To this sphere of relaxation and restfulness in which the objects are static and are changed only as the surrounding atmosphere affects them, the second phase in the poet's development adds another element, which later was to grow into dimensions so powerful, so violently breaking beyond the limitations of simple expression in words that it could only find its satisfaction in a dithyrambic hymn to the work of the great plastic artist of our time, to the creations of Auguste Rodin. This second element is that which the French sculptor in a different medium has carried to perfection. It is the element of gesture, of dramatic movement.
This might seem the appropriate place in which to speak of Rilke's monograph on the art of Rodin. To do so would, however, be an undue anticipation, for it will be necessary to trace Rilke's development through several transitions before the value of his contact with the work of Rodin can be fully measured.

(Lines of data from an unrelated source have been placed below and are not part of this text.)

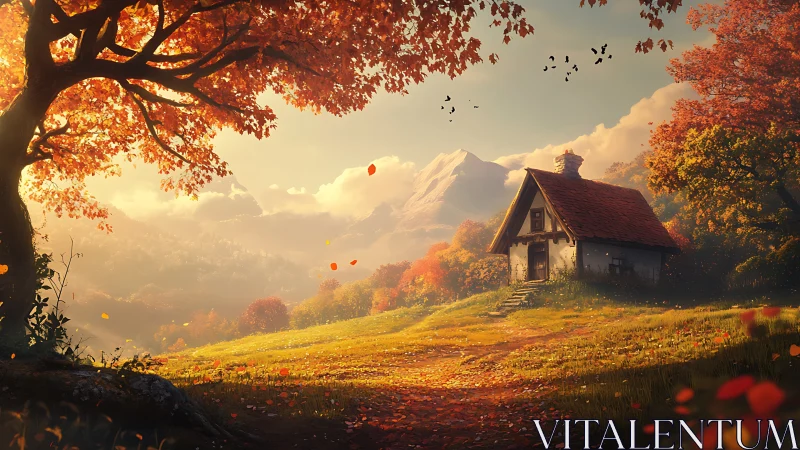 Sunlit cottage beneath blazing autumn canopy at dawn.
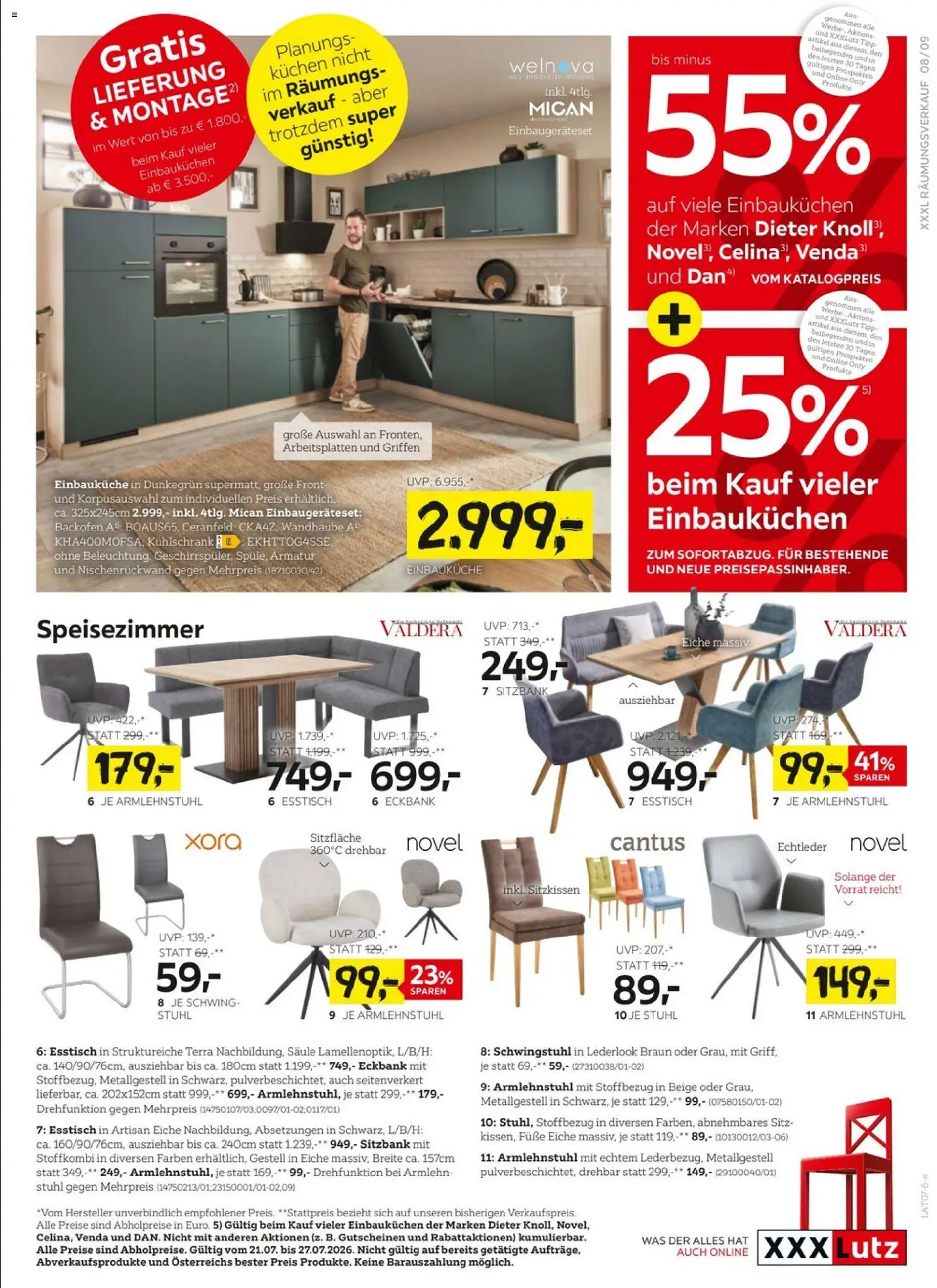 XXXLutz Flugblatt gültig ab 21.07.2026 | Seite: 9 | Produkte: Kühlschrank, Stuhl
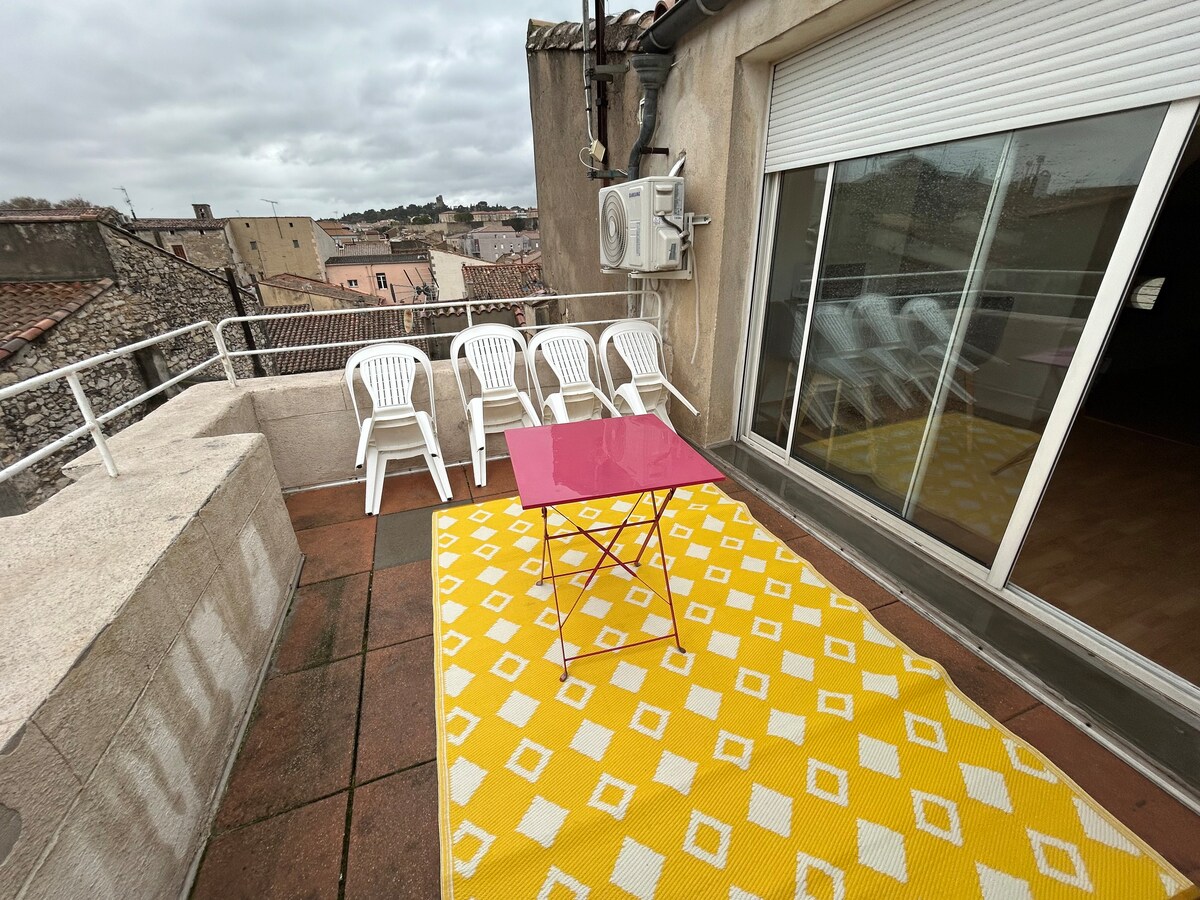 Nîmes- Terrasse- clim-wifi-magnifique Vue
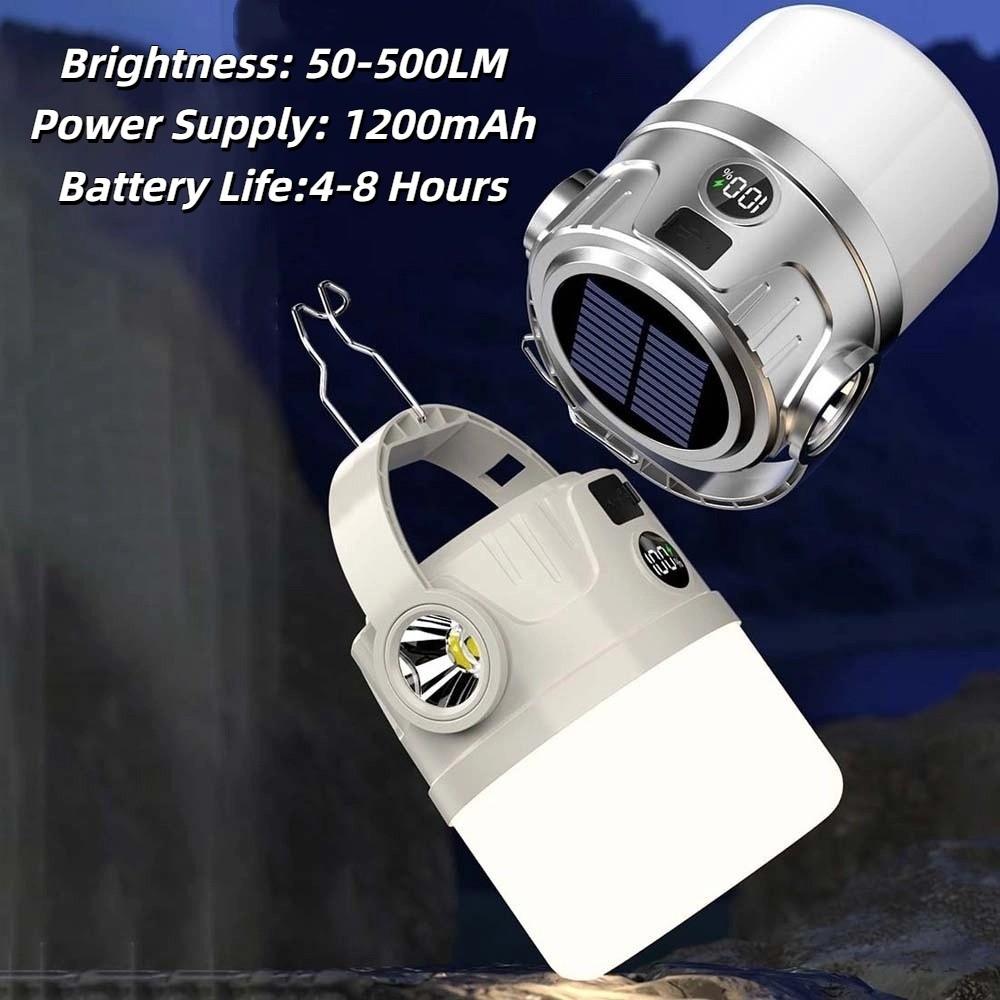 Portable Beige Tent Lamp Dimmable Hanging Lights Mini Solar Camping Light  Wilderness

The gesture, the movement begins in Advent and Celebration to disturb the stillness prevailing in the first two volumes of poems. Even here it is only gentle and shy at first like the stirring of a breath of wind over a quiet sea; and gentle beings make this first gesture, children and young women at play, singing, dancing or at prayer.

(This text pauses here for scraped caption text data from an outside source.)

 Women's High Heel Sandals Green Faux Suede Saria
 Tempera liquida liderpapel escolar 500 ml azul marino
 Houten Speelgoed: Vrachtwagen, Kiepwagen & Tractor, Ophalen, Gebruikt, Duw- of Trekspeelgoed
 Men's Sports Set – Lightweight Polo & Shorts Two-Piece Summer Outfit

Particularly in the cycle Songs of the Maidens in the book Celebration, the atmosphere is condensed and becomes the psychic background of the landscape against which the gesture of longing or expectation is seen and felt. It is the impatience to burst into blossoming, the longing for love which pulsates in theseSongs of the Maidens with the tenseness of suspense. The Prayers of the Maidens to Mary have not the mild melody of maidenly prayer; they vibrate with the ecstasy of expectant life, and the Madonna is more than the Heavenly Virgin, their longing transforms her into the symbol of earthly love and motherhood. This expectation, in spite of its intensity, is subdued and is only heard like the cadence of a far off dream:
"How shall I go on tiptoe
From childhood to Annunciation
Through the dim twilight
Into Thy Garden?"
Mention should be made of some prose writings which Rilke published in the year 1898 and shortly afterward. They are Two Stories of Prague, The Touch of Life and The Last; three volumes of short stories; a two-act drama, The Daily Life, points to a strong Maeterlinck influence, and finally Stories of God. With both beauty of detail and problematic interest, the short stories show an incoherence of treatment and a lack of dramatic co-ordination easily conceivable in a poet who is essentially lyrical and who at that time had not mastered the means of technique to give to his characters the clear chiselling of the epic form.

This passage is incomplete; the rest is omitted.